Iraq inquiry told of 'clear' threat from Saddam Hussein

The UK government "distanced itself" from talk of removing Saddam Hussein in early 2001 despite concerns about his threat, the Iraq inquiry has been told.

Sir Peter Ricketts, a top intelligence official at the time, said it was assumed it was not "our policy" despite growing talk in the US about the move.

On the first day of public hearings, four senior diplomats and advisers gave evidence on the war's origins.

The inquiry chairman has said he hopes to conclude his report in late 2010.

Relatives of some of the 179 UK service personnel killed in Iraq gathered outside the venue in central London where the hearings are being held, as did a number of anti-war protesters.

The long-awaited investigation into the UK's involvement in the run-up to the Iraq invasion, the war itself and its aftermath, is expected to last for more than a year.

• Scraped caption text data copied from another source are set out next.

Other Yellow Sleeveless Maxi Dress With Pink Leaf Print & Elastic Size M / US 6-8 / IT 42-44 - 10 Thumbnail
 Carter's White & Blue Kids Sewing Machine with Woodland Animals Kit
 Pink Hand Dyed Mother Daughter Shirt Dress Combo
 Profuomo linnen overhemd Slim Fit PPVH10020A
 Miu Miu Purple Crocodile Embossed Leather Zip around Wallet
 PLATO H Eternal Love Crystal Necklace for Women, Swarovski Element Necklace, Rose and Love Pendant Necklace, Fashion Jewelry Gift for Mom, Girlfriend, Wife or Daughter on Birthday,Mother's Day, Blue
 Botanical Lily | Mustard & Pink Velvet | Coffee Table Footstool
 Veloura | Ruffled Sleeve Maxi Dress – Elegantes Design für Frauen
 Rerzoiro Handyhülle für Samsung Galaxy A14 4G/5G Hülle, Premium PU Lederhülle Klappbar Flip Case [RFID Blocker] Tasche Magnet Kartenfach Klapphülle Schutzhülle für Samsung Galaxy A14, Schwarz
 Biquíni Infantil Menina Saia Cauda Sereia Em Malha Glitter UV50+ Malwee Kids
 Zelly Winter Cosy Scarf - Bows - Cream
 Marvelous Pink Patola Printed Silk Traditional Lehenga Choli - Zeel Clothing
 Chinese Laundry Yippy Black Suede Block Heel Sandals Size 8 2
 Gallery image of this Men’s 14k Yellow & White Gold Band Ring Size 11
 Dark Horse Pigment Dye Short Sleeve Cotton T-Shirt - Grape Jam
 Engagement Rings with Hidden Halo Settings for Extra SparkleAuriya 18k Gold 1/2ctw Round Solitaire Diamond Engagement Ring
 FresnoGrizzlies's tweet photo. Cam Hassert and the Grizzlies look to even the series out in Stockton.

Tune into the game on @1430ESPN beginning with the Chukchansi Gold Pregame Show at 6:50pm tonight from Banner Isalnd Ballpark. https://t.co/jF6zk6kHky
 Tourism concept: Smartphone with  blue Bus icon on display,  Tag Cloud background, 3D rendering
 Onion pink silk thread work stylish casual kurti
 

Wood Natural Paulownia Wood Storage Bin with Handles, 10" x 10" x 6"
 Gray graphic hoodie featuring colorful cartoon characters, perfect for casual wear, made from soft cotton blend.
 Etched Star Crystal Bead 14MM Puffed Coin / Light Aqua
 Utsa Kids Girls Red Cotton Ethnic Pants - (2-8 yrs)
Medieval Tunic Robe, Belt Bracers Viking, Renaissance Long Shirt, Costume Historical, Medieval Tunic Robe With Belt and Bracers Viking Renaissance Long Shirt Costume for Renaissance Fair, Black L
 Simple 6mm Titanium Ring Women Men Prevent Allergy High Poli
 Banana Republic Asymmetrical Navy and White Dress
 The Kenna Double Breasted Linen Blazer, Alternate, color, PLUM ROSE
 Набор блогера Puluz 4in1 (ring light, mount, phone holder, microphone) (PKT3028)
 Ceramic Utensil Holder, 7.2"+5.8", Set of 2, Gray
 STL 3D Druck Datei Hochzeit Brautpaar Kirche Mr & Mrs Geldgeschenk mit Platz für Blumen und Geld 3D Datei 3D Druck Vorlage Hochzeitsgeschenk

Former Prime Minister Tony Blair will be among the future witnesses.

Tuesday's session looked at UK foreign policy towards Iraq in the lead-up to the war, which began in 2003.

Asked about the threat posed by Iraq in early 2001, Sir Peter Ricketts, who was the then chairman of the Joint Intelligence Committee - which oversees MI5, MI6 and GCHQ - said it was palpable.

Sir Peter, now Head of the Diplomatic Service, said there was a "clear impression" that Saddam had a "continuing intention" to acquire weapons of mass destruction, having used them in the past.

Impact of 9/11

However, Sir Peter said there was no-one in the UK government in 2001 "promoting or supporting" regime change, as it was assumed "it was not our policy that we were seeking the removal of Saddam Hussein".

While there were "voices" in Washington calling for Saddam to be removed even before the Bush administration came to power in early 2001, this did not result in a change to the longstanding policy of trying to contain Iraq through sanctions, he said.

Sir William Patey, then head of the Middle East Department at the Foreign Office, said the UK had been aware "of the drumbeats from Washington" when it came to regime change but wanted to "stay away from that end of the spectrum".

Sir William - now ambassador to Saudi Arabia - acknowledged that international support for the sanctions policy in place against Iraq since 1991 - which underpinned the policy of containment - was steadily breaking down at the time.

However, asked whether this policy - which critics said was ineffective and which was actually hurting the Iraqi people - could have "kept Saddam caged" indefinitely, he replied "possibly".